At some point, Las Vegas must give Mendoza a true No. 1 receiver. A separator. A mismatch the defense has no clean answer for. Tight end Brock Bowers is arguably the best tight end in the league but he’s not a wide receiver no matter how bad Raiders fans claim he is.
Well, luckily for us, our scouting experts have a plausible scenario for you, Raider Nation.
Raiders 3-Round Mock Draft: The next great QB-WR duo?
Round 1, No. 1: Fernando Mendoza, QB, Indiana
Fernando Mendoza was the 134th-ranked quarterback in the 2022 recruiting class. Yale was the destination. The NFL was not a serious conversation.
Three years later, he holds a Heisman Trophy, a national championship, and the top passer rating in the FBS. Las Vegas is preparing to make him the No. 1 overall pick.
The résumé is legitimate.

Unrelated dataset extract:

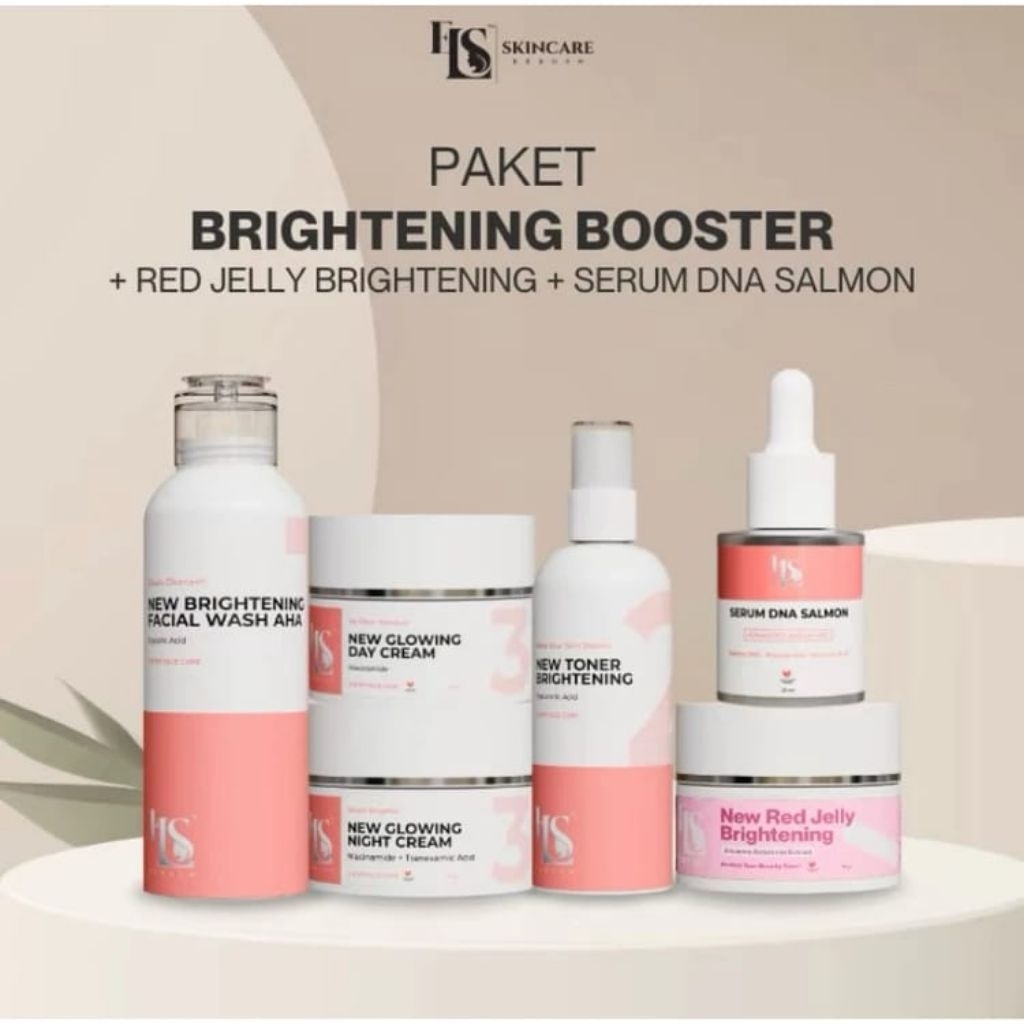 Jual Ls skincare 6in one paket brightening booster mengglowing kan ...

So are the questions.
Mendoza operated inside one of the most quarterback-friendly systems in college football last season. Indiana’s receivers dropped six passes all year—a number that borders on statistical fiction. His 10.9 yards per attempt on checkdowns inflated an already impressive efficiency profile. No Power 4 quarterback leaned more heavily on RPO concepts, a scheme that does not translate directly to NFL protections or professional spacing.
Mendoza is not a finished product. He is a developmental quarterback with elite physical tools, a clutch résumé, and real questions about scheme transition that will only be answered under professional heat.
The Raiders are not wrong for wanting him. They would be wrong for confusing a great college story with a guaranteed professional one.
Round 2, No. 36: KC Concepcion, WR, Texas A&M
KC Concepcion is not going to overpower press corners or go up over a safety for a highlight-reel catch. That is not who he is as a receiver.
What he does do is shake defenders at the line, find soft spots in zone coverage and turn a short gain into a much bigger problem for a defense.
The Texas A&M standout is ranked as the No. 4 wide receiver in the 2026 draft class by various outlets. He averaged 15.1 yards per catch in 2025 after averaging 8.7 the year before, which points to a player still growing into how dangerous he can be.
There are fair concerns. His drop rate rose against tight coverage, and his routes do not always show enough change of pace. Those are real questions at the next level.
Still, the fit for the Raiders is easy to see. Mendoza will need receivers who can win early in the route and keep the offense on time. He needs rhythm and separation.
Concepcion gives you all of that before most corners can react.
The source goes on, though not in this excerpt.